[This is the tenth installment of Amal Hanano`s diary of her trip back to Aleppo. You can read previous posts here.]
My name is not Amal Hanano.
Before you even think Amina Abdallah, I assure you I am a real person, a Syrian-American from Aleppo who was physically in the city this summer, writing under a pseudonym. Of course, the pseudonym turned out to have its own issues which I will address, but first, a story...
In the early decades of the last century, when certain events were unfolding as breaking news, only to become the fateful history that defines us today, there was an ancient land on a fluid map. A European country, riding the colonialist wave, decided it would like to occupy this land, like many empires before it since the beginning of time, and so it did. But, the era of empires from Roman to Ottoman had ended; this was the age of modernity, of nationalism, and a few brave men decided their people had suffered enough under foreign rule and oppression. They decided to rise up, united as Arabs, as Syrians. One of those men was from the great city of Aleppo. His name was Ibrahim Hanano.
He was born in 1869, in Kafar Takharim, a village west of Aleppo, the fertile land where olive and pistachio trees flourish in alternating groves. After graduating from high school in Aleppo, he studied law in Istanbul. He was tall and thin, with delicate, noble features. Like most intellectual Syrians at the time, who balanced tradition and modernity, he wore tailored western suits and a maroon tarbosh, fez, on his head.
When the French occupied Antioch (still Syrian, not yet Turkish), Hanano coordinated small bands of strong, agile rebels to defend his country.
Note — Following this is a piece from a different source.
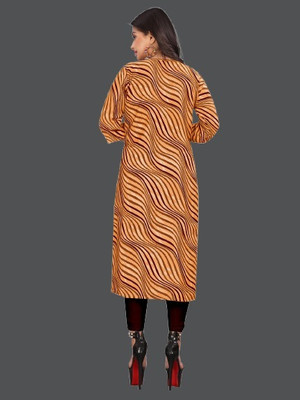 SUMITA SAREE Women Printed Straight Kurta(Yellow)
He believed Arabism would save Syria from colonialism, so under the banner of nationalism, he led the northern resistance, uniting Aleppo, Idleb, and Antioch. Hanano even convinced the elite society of Aleppo to embrace Arabism and join the revolts as well. After the French entered Damascus, then Aleppo, he formed a base in Jabal al-Zawiyeh, between Aleppo and Hama.
Hanano rejected France’s sectarian division of Greater Syria into six separate states: Damascus, Aleppo, Alawites, Jabal Druze, Sanjak of Alexandretta, and the State of Greater Lebanon (later, becoming the modern country of Lebanon). The original anti-hiwar, anti-dialogue opposition leader, Hanano rejected all negotiations with the French. No compromise was acceptable, he had only one demand: Syrian independence. He launched attacks and fought dozens of fierce battles, and his fallen rebels’ blood soaked the soil, the same soil that is blood-soaked once again in Hama, in Idleb, in Jabal al-Zawiya. Maybe our history of blood seeping into the roots of trees inflicted our prized washna cherries with the sourness found nowhere else in the world, the sourness of sorrows.
In 1925, under the leadership of Sultan Pasha al-Atrash, Hanano along with Shukri al-Quwatli, Hasan Al-Kharratt, Nasib al-Bakri, Fawzi Qawoqji, and many others, ignited al-Thawra al-Suriyyeh al-Kubra, The Great Syrian Revolt, of 1925, still considered to be a model for revolutions in the Middle East. Although the revolt ultimately failed to end the occupation, it planted seeds of nationalism and resistance, the tools which would eventually topple the French Mandate on Independence Day, April 17, 1946.
Hanano died in 1935, before his mission was complete, but not before he had set it on the right path. Ten years later, his close friend and partner in the resistance, Sa’ad Allah al-Jabri, was buried next to him, in the famous Aleppo cemetery named after al-za’im, the leader Ibrahim Hanano.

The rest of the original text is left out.